--- DATA SUPPLIED ---
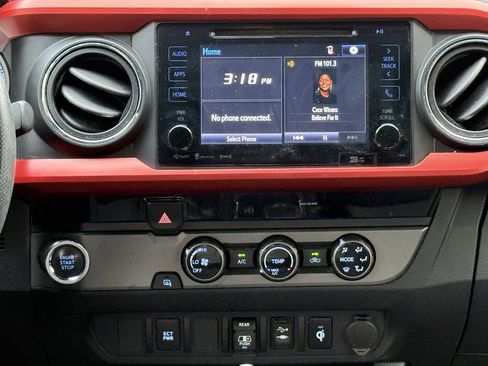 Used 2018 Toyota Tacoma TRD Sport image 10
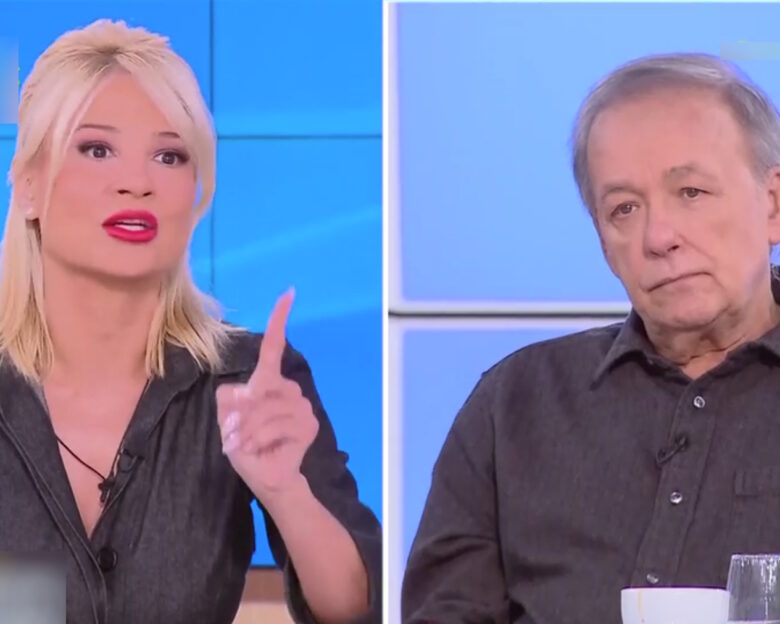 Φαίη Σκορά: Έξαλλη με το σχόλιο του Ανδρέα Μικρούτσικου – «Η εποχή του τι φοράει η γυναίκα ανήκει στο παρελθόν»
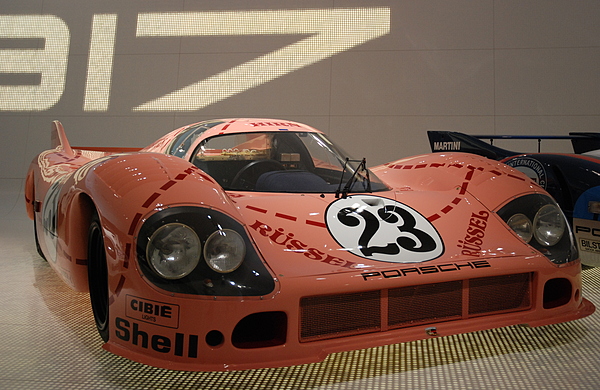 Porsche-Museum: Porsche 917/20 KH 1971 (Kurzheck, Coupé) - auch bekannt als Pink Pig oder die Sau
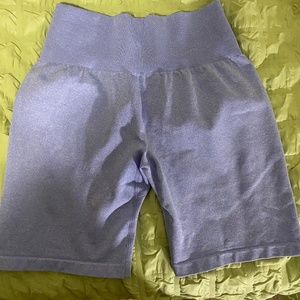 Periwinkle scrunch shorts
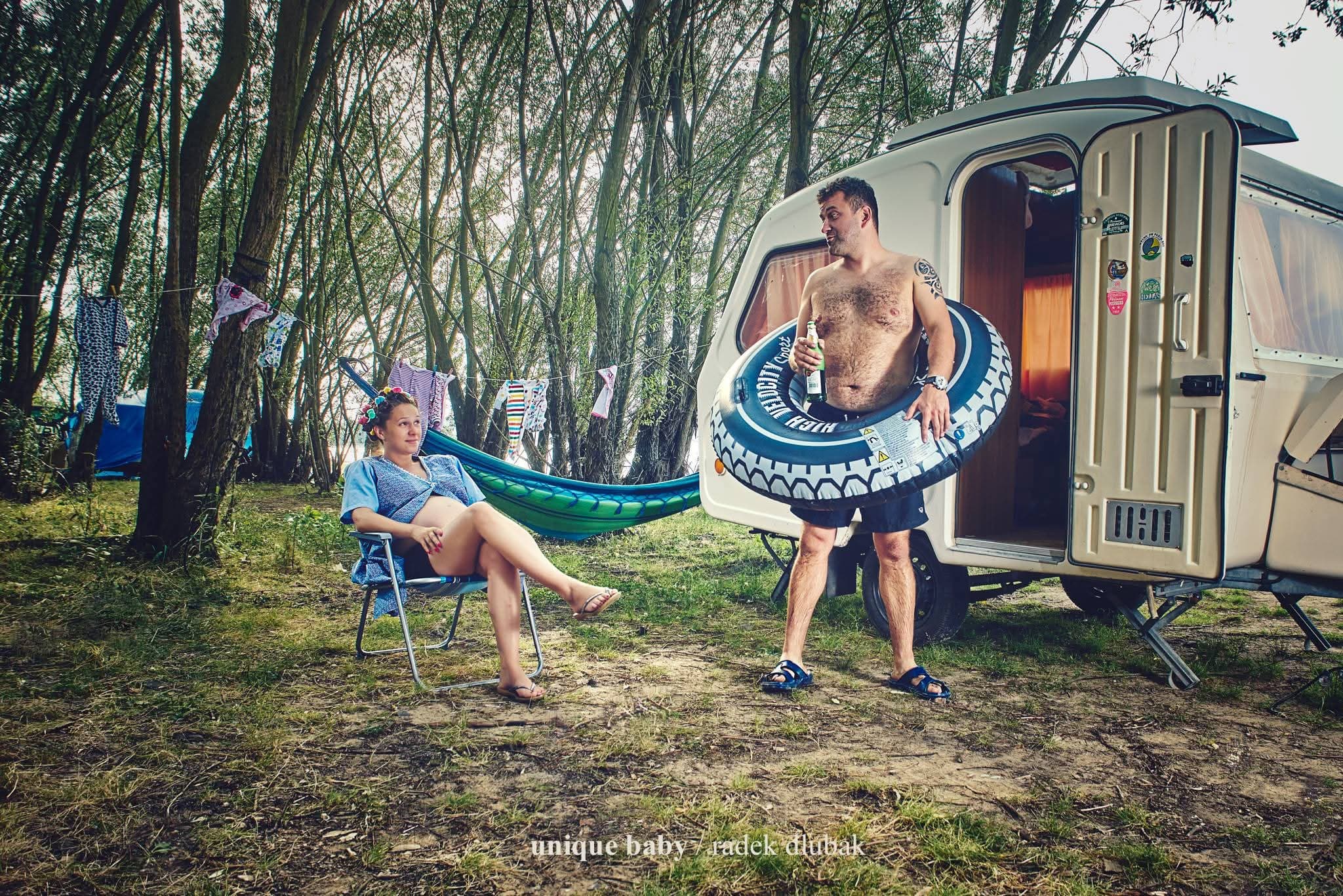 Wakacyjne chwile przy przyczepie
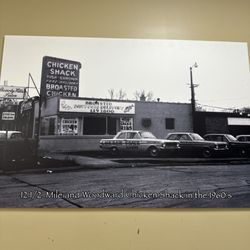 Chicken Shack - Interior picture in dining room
---
=== EXERCISE ===
Word for word, please, restate the lines of the listing from the one holding "Periwinkle scrunch shorts" down to the last line, leaving out any pictures.

=== RESULT OF THIS TASK ===
 Periwinkle scrunch shorts
 Wakacyjne chwile przy przyczepie
 Chicken Shack - Interior picture in dining room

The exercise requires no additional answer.